Set down the material in full. Keep every line exactly as it is.

● ● ●

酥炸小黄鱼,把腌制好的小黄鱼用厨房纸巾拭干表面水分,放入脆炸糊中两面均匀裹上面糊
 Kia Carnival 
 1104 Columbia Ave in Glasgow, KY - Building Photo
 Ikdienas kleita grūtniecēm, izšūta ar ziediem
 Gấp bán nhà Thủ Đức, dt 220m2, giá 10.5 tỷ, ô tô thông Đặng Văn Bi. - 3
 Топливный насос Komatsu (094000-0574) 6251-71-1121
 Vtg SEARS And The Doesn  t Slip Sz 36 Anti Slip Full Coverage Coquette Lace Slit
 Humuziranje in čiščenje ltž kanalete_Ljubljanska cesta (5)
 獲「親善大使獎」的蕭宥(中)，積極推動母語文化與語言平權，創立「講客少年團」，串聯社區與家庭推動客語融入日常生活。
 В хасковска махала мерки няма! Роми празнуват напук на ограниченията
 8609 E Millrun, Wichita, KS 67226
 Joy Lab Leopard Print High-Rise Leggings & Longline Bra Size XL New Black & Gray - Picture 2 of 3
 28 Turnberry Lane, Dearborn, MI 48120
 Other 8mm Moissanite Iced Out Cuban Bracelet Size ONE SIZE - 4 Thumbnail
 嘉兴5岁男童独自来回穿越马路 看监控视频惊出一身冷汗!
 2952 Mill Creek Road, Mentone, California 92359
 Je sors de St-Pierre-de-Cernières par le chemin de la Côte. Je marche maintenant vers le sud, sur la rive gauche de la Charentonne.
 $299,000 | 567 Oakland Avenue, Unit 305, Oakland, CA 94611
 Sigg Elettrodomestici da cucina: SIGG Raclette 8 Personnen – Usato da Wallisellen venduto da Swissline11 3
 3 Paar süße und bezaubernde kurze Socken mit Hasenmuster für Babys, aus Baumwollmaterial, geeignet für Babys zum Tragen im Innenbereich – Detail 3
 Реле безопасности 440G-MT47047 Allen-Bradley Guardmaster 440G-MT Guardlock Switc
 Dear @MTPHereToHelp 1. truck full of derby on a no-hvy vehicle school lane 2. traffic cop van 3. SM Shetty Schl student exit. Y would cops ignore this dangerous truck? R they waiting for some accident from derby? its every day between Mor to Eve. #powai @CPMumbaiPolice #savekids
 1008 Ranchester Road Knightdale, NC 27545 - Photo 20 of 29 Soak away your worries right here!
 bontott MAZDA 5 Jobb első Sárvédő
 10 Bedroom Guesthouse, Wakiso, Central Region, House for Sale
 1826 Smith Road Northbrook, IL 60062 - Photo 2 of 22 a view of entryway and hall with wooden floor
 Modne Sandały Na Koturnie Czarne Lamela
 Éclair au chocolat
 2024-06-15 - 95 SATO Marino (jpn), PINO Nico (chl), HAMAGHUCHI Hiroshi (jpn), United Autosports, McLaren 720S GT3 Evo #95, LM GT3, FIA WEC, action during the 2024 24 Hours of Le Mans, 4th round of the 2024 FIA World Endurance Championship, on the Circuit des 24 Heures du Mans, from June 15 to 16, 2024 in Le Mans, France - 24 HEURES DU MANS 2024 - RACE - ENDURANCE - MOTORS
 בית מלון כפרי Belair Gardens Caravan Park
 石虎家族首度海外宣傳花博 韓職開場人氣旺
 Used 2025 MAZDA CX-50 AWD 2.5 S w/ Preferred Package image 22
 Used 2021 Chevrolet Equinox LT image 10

● ● ●

— Solution to the exercise —
酥炸小黄鱼,把腌制好的小黄鱼用厨房纸巾拭干表面水分,放入脆炸糊中两面均匀裹上面糊
 Kia Carnival 
 1104 Columbia Ave in Glasgow, KY - Building Photo
 Ikdienas kleita grūtniecēm, izšūta ar ziediem
 Gấp bán nhà Thủ Đức, dt 220m2, giá 10.5 tỷ, ô tô thông Đặng Văn Bi. - 3
 Топливный насос Komatsu (094000-0574) 6251-71-1121
 Vtg SEARS And The Doesn  t Slip Sz 36 Anti Slip Full Coverage Coquette Lace Slit
 Humuziranje in čiščenje ltž kanalete_Ljubljanska cesta (5)
 獲「親善大使獎」的蕭宥(中)，積極推動母語文化與語言平權，創立「講客少年團」，串聯社區與家庭推動客語融入日常生活。
 В хасковска махала мерки няма! Роми празнуват напук на ограниченията
 8609 E Millrun, Wichita, KS 67226
 Joy Lab Leopard Print High-Rise Leggings & Longline Bra Size XL New Black & Gray - Picture 2 of 3
 28 Turnberry Lane, Dearborn, MI 48120
 Other 8mm Moissanite Iced Out Cuban Bracelet Size ONE SIZE - 4 Thumbnail
 嘉兴5岁男童独自来回穿越马路 看监控视频惊出一身冷汗!
 2952 Mill Creek Road, Mentone, California 92359
 Je sors de St-Pierre-de-Cernières par le chemin de la Côte. Je marche maintenant vers le sud, sur la rive gauche de la Charentonne.
 $299,000 | 567 Oakland Avenue, Unit 305, Oakland, CA 94611
 Sigg Elettrodomestici da cucina: SIGG Raclette 8 Personnen – Usato da Wallisellen venduto da Swissline11 3
 3 Paar süße und bezaubernde kurze Socken mit Hasenmuster für Babys, aus Baumwollmaterial, geeignet für Babys zum Tragen im Innenbereich – Detail 3
 Реле безопасности 440G-MT47047 Allen-Bradley Guardmaster 440G-MT Guardlock Switc
 Dear @MTPHereToHelp 1. truck full of derby on a no-hvy vehicle school lane 2. traffic cop van 3. SM Shetty Schl student exit. Y would cops ignore this dangerous truck? R they waiting for some accident from derby? its every day between Mor to Eve. #powai @CPMumbaiPolice #savekids
 1008 Ranchester Road Knightdale, NC 27545 - Photo 20 of 29 Soak away your worries right here!
 bontott MAZDA 5 Jobb első Sárvédő
 10 Bedroom Guesthouse, Wakiso, Central Region, House for Sale
 1826 Smith Road Northbrook, IL 60062 - Photo 2 of 22 a view of entryway and hall with wooden floor
 Modne Sandały Na Koturnie Czarne Lamela
 Éclair au chocolat
 2024-06-15 - 95 SATO Marino (jpn), PINO Nico (chl), HAMAGHUCHI Hiroshi (jpn), United Autosports, McLaren 720S GT3 Evo #95, LM GT3, FIA WEC, action during the 2024 24 Hours of Le Mans, 4th round of the 2024 FIA World Endurance Championship, on the Circuit des 24 Heures du Mans, from June 15 to 16, 2024 in Le Mans, France - 24 HEURES DU MANS 2024 - RACE - ENDURANCE - MOTORS
 בית מלון כפרי Belair Gardens Caravan Park
 石虎家族首度海外宣傳花博 韓職開場人氣旺
 Used 2025 MAZDA CX-50 AWD 2.5 S w/ Preferred Package image 22
 Used 2021 Chevrolet Equinox LT image 10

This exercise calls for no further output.